Exercise objective: Filter the entries down to the lines containing "image", and copy those lines.

Source material:
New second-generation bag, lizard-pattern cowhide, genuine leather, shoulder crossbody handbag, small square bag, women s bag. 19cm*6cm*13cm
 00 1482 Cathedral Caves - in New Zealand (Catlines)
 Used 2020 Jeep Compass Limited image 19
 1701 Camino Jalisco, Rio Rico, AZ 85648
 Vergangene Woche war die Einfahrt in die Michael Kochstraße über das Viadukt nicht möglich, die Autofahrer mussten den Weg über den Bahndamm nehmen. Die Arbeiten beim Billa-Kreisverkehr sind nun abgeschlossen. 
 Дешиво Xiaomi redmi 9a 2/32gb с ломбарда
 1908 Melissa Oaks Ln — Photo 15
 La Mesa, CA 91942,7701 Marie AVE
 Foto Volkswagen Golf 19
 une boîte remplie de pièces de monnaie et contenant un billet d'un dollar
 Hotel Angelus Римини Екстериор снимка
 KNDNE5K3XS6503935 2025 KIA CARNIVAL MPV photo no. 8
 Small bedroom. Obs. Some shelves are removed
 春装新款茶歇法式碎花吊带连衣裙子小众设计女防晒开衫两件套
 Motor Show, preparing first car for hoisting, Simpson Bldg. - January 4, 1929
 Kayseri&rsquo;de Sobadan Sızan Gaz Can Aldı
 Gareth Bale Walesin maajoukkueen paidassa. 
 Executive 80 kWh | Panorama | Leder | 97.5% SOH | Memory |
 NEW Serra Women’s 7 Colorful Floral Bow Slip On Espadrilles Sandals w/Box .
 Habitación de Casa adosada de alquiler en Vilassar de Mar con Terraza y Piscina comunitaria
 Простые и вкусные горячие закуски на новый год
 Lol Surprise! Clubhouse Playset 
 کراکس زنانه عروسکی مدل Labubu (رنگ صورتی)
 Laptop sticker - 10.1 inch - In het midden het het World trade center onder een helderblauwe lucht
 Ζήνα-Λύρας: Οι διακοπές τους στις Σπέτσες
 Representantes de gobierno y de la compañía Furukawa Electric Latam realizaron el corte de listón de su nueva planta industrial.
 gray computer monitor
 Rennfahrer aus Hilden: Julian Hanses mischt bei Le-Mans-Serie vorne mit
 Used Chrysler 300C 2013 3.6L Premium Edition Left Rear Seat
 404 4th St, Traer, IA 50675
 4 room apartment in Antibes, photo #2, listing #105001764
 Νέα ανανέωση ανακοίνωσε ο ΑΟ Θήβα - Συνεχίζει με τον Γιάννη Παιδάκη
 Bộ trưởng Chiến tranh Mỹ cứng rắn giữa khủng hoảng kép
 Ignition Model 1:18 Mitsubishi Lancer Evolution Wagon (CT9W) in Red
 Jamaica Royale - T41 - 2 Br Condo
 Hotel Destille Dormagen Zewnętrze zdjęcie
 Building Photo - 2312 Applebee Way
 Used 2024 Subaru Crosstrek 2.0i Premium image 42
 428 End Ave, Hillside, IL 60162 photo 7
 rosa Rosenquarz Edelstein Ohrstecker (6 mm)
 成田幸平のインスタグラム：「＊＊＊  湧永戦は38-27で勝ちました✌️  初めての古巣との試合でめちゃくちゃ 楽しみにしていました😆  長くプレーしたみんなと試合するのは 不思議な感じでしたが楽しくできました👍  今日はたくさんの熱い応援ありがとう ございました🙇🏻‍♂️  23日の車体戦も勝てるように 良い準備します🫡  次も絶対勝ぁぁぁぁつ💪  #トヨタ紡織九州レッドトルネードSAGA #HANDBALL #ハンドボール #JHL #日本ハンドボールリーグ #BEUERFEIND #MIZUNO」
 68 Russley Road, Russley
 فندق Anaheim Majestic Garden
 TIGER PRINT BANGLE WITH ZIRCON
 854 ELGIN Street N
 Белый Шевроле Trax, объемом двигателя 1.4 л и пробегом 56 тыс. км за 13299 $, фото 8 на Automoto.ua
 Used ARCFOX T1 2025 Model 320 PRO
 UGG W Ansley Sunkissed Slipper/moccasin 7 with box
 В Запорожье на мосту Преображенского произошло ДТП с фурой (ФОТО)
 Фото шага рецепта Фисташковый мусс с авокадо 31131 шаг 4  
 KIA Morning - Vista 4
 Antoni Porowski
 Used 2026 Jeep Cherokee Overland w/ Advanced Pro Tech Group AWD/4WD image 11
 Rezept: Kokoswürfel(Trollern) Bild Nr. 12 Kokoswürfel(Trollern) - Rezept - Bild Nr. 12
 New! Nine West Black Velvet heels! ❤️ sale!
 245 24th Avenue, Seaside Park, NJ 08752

Expected output:
 Used 2020 Jeep Compass Limited image 19
 Used 2024 Subaru Crosstrek 2.0i Premium image 42
 Used 2026 Jeep Cherokee Overland w/ Advanced Pro Tech Group AWD/4WD image 11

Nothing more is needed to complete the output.